What you are asked to do:
Quote exactly, and only, the lines of the material below from the line with "Hasta ve Hasta" through the line with "着物の女性の後ろ姿 境内を歩く 3人の写真素材".
══ Input for this task ══
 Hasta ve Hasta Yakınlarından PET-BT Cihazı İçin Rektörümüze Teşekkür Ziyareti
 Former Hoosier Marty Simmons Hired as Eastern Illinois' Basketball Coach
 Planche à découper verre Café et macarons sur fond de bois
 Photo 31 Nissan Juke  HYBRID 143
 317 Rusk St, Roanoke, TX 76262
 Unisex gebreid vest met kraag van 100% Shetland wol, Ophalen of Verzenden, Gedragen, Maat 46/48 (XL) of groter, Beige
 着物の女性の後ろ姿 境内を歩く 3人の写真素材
═══
══ Input for this task ══
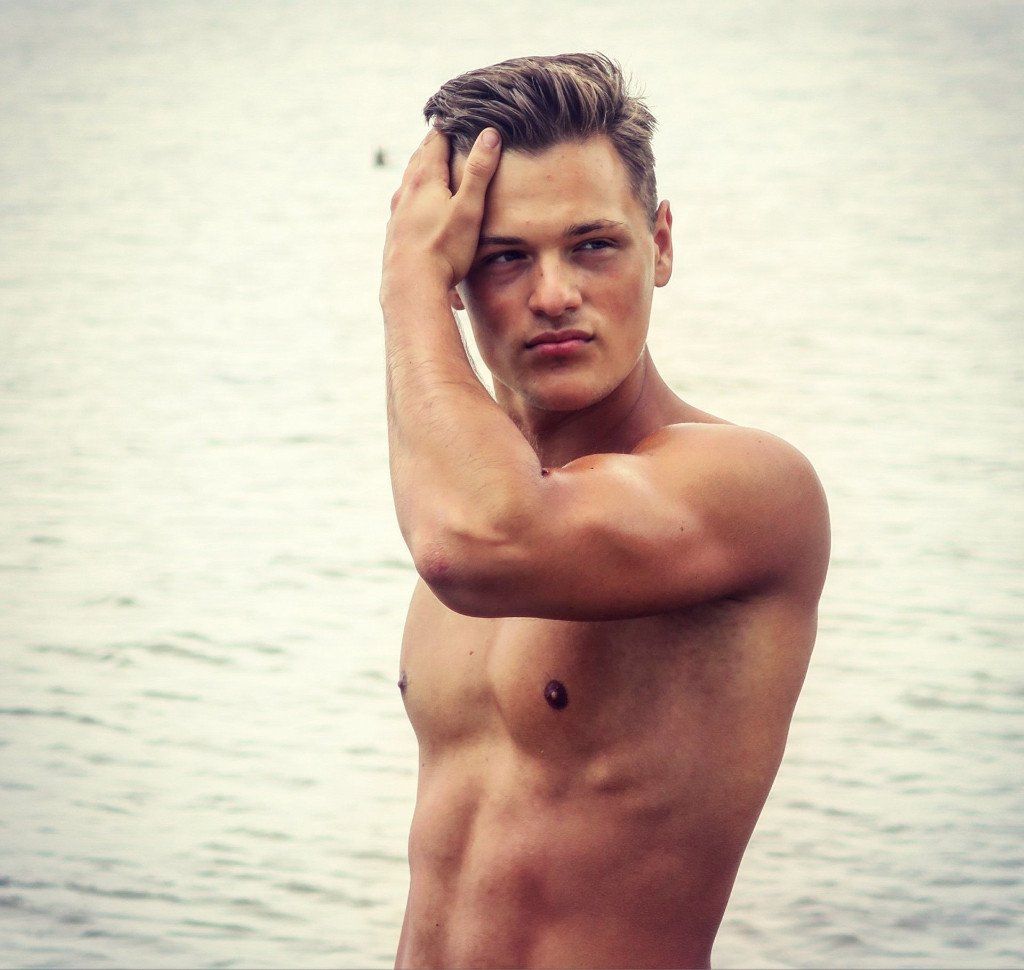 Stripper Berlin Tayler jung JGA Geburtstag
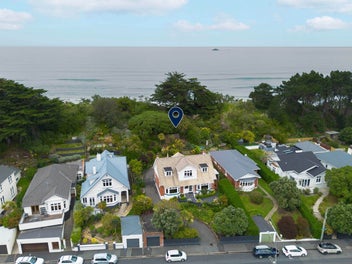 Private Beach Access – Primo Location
═══
Finished exercise:
 Hasta ve Hasta Yakınlarından PET-BT Cihazı İçin Rektörümüze Teşekkür Ziyareti
 Former Hoosier Marty Simmons Hired as Eastern Illinois' Basketball Coach
 Planche à découper verre Café et macarons sur fond de bois
 Photo 31 Nissan Juke  HYBRID 143
 317 Rusk St, Roanoke, TX 76262
 Unisex gebreid vest met kraag van 100% Shetland wol, Ophalen of Verzenden, Gedragen, Maat 46/48 (XL) of groter, Beige
 着物の女性の後ろ姿 境内を歩く 3人の写真素材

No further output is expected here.